# He filed...



## LilMamaSlim (May 12, 2009)

Well, Tuesday my STBX stopped by to see our son and while he was here he brought some custody papers. They read that he could see our son every other weekend and a few hours Tuesday and Thursday nights, this wasn't so bad. Then he tells me to get ready, he filed for divorce and the papers were coming next week. I broke down and started crying. Sobbing actually.

Now don't get me wrong, I knew he was gone for good and have come to terms with that. It is just the whole seeing it and living it. He wants to settle this to where we both walk away with what we have, however I won't and he knows this. I mentioned to him how he left us with $5000.00 debt in my name, he racked up those bills (utility that he NEVER paid and hid the bills from me.) I also mentioned how I was getting calls from a cell phone company stating that I had a cell phone that had not been paid, which HE HAS. He said "When I left those bills were paid." So we got into a small argument and I said "How did I rack up a 1700 dollar gas bill in JUNE!? You knew these bills weren't paid and hadn't been. You'll either help me one way or another."

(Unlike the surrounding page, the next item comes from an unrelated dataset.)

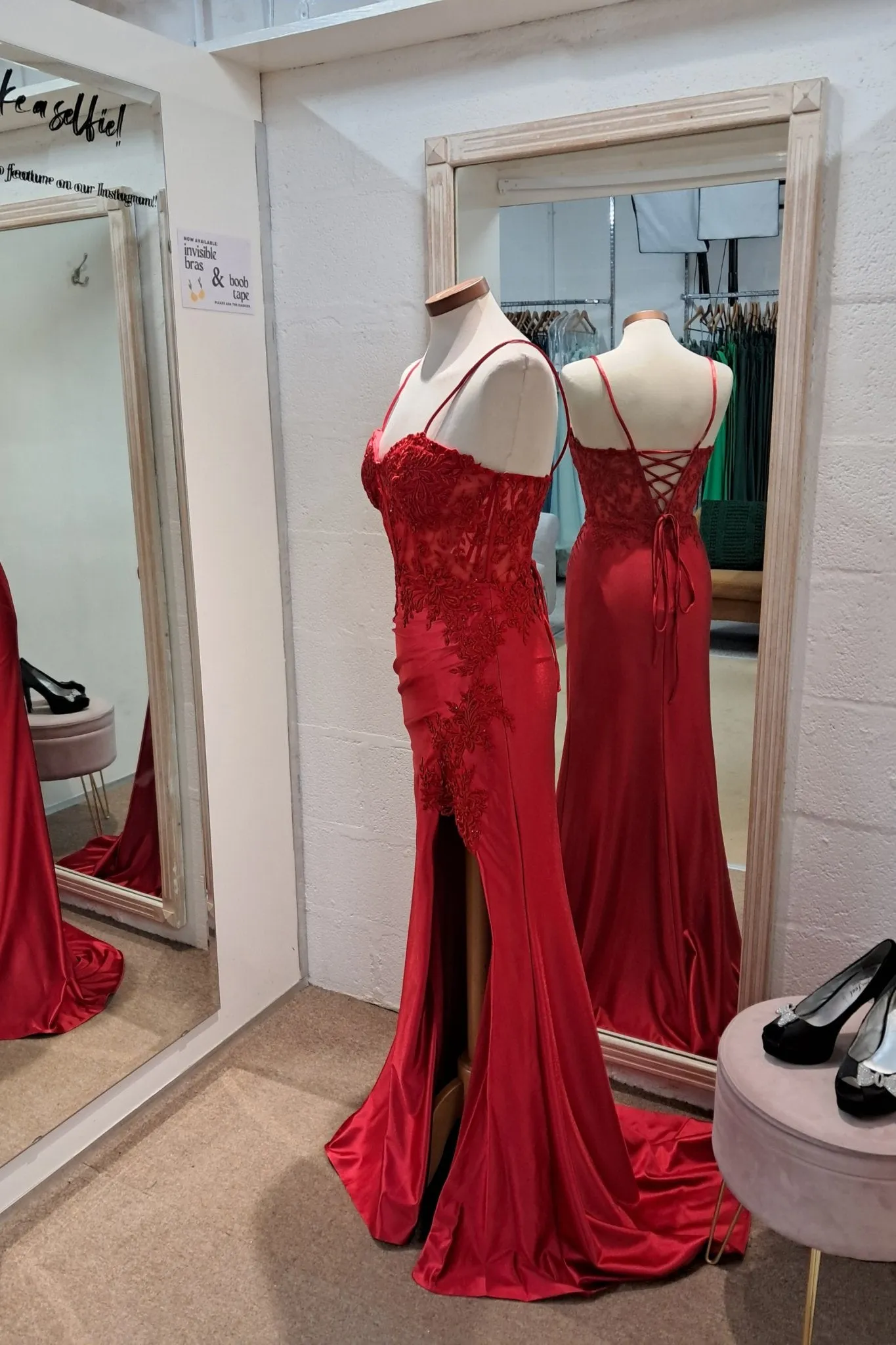 Elaine Red Satin Lace Slit Prom Dress sold by Cargo product image thumbnail 3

Any suggestions? I am sure I can call the companies and get information on how high the bills were in April but I can't afford an attorney. X made sure of that.

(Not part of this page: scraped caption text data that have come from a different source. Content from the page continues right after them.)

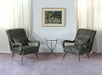 LC303 - Dappled Green Lounge Chair with sculpted Arms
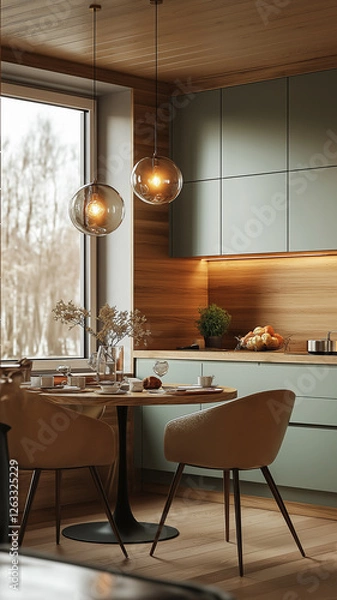 Fototapeta Modern Kitchen Design With Light Green Cabinetry and Elegant Lighting for a Cozy Dining Atmosphere in a Serene Setting. Generative AI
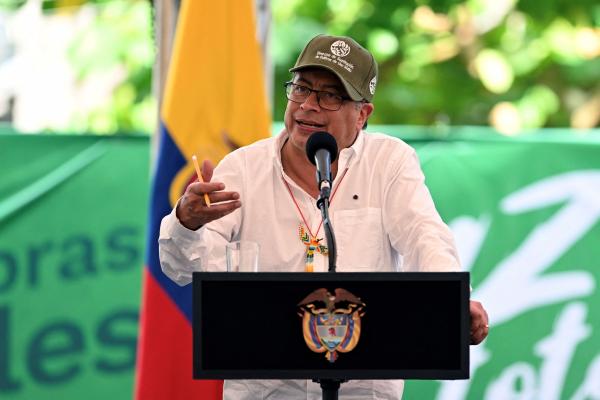 Colombia's President Gustavo Petro speaks during a meeting of illicit crops growers in the department of Nariño, Colombia, on May 13, 2023. (Joaquin Sarmiento/AFP via Getty Images)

I am still in awe at how fast he not only left but how quickly he filed. As if he wanted this over and done with, no reconciliation whatsoever. I have never felt so useless and unwanted as I did when he told me that.


----------



## Corpuswife (Apr 24, 2009)

It hurts. No matter if you know it's coming. It hurts. There is a always a seedling of hope that he may turn things around. 

To leave you and your children with bills unpaid is sad state. It's selfish.

Are the bills in your name? If not, let him suffer. If so, then negotiate the important ones (electric). The other one (credit cards) you may need to let go. Prioritize (rent, electric, food). Just do what you can. 

As far as how quickly he filed. Anyone else in the picture?


----------



## LilMamaSlim (May 12, 2009)

Not that I know of, I mean the bills are all in my name, he never paid his prior to our getting together so they all had to be in my name. I never let him get any credit cards in my name, so the utility bills are the only ones I worry about. He doesn't care what happens to us, he never did.


----------



## Amplexor (Feb 13, 2008)

LilMamaSlim said:


> I am still in awe at how fast he not only left but how quickly he filed. As if he wanted this over and done with, no reconciliation whatsoever. I have never felt so useless and unwanted as I did when he told me that.


It is he who has walked away from his responsibilities as a husband and father. You shouldn’t blame yourself, you were willing to work at it, he wasn’t. 

Contact your utility company and explain the situation. They will usually be pretty good about working out a payment plan with you. Also many attorneys will offer a cursory no charge session to explain to you the divorce process. Many states also have information on local laws on the web.

Good luck.


----------



## LilMamaSlim (May 12, 2009)

Thanks so much, I am calling them today. Today is just not going well at all so hopefully it gets better. Seems as though if you borrow money from the department of public welfare for an emergency (aka husband leaving out of nowhere) you have to pay back 3 times as much as you needed...


----------



## Corpuswife (Apr 24, 2009)

Wow-3 times! That is a loan shark!!

Well, once you are informed of your rights from an attorney you will feel better. Perhaps emergency support may be enacted by your attorney?


----------



## srena200 (Jul 13, 2009)

Get your self a good lawyer. Ask any women in the area who are going through this if they can recommend or start searching the yellow pages and get some FREE consultations at the very least.


----------



## DeniseK (Jun 25, 2009)

Yes. And...don't worry about those bills. At the very least you can always file bankruptcy...as a very last resort. And you know...you might be able to find a cheap attorney who will hold off on your side of the bill and get it from HIM when you go to court. It doesn't hurt to ask.

No one is giong to kill you for having these bills. I know that stress...I am living it too. but I do have a bit of help from my mother. Check around....there are people in this world who help out those in need...few and far between...but if you are willing to look...they are out there.

Keep your head held high...it will be okay...sooner than later.


----------